How to complete this task
The required output is the line with "I have felt" plus all lines that follow it to the end of the listing below, written out exactly, with no pictures.

Dataset section
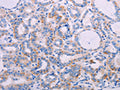 The image on the left is immunohistochemistry of paraffin-embedded Human thyroid cancer tissue using CSB-PA959270(AGT Antibody) at dilution 1/30, on the right is treated with synthetic peptide. (Original magnification: ×200)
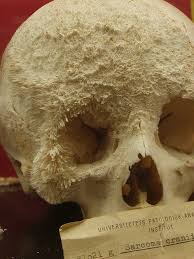 I have felt the pain of a broken bone. Skull Of A Person Who Had Bone Cancer Pics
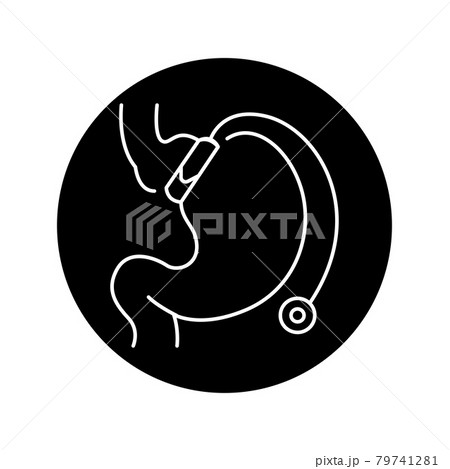 Gastric lap-band olor line icon. Pictogram for web page, mobile app, promo. Gastric lap-band olor line icon. Pictogram for web page, mobile app, promo. 79741281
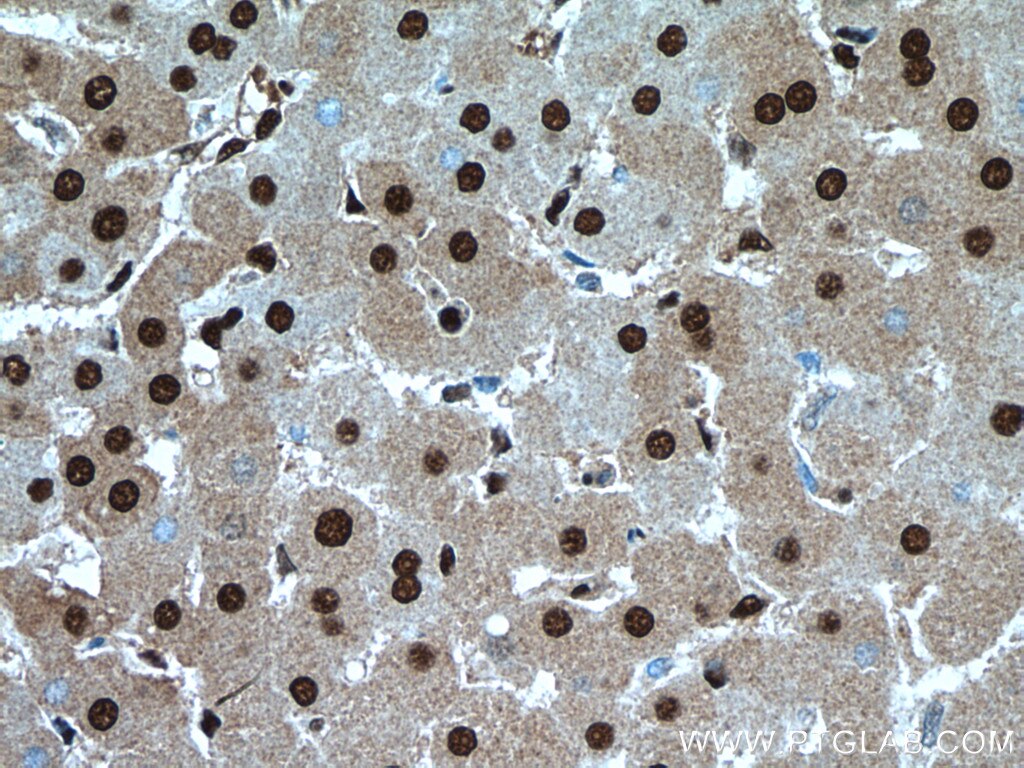 IHC staining of human liver using 21944-1-AP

Exercise response
 I have felt the pain of a broken bone. Skull Of A Person Who Had Bone Cancer Pics
 Gastric lap-band olor line icon. Pictogram for web page, mobile app, promo. Gastric lap-band olor line icon. Pictogram for web page, mobile app, promo. 79741281
 IHC staining of human liver using 21944-1-AP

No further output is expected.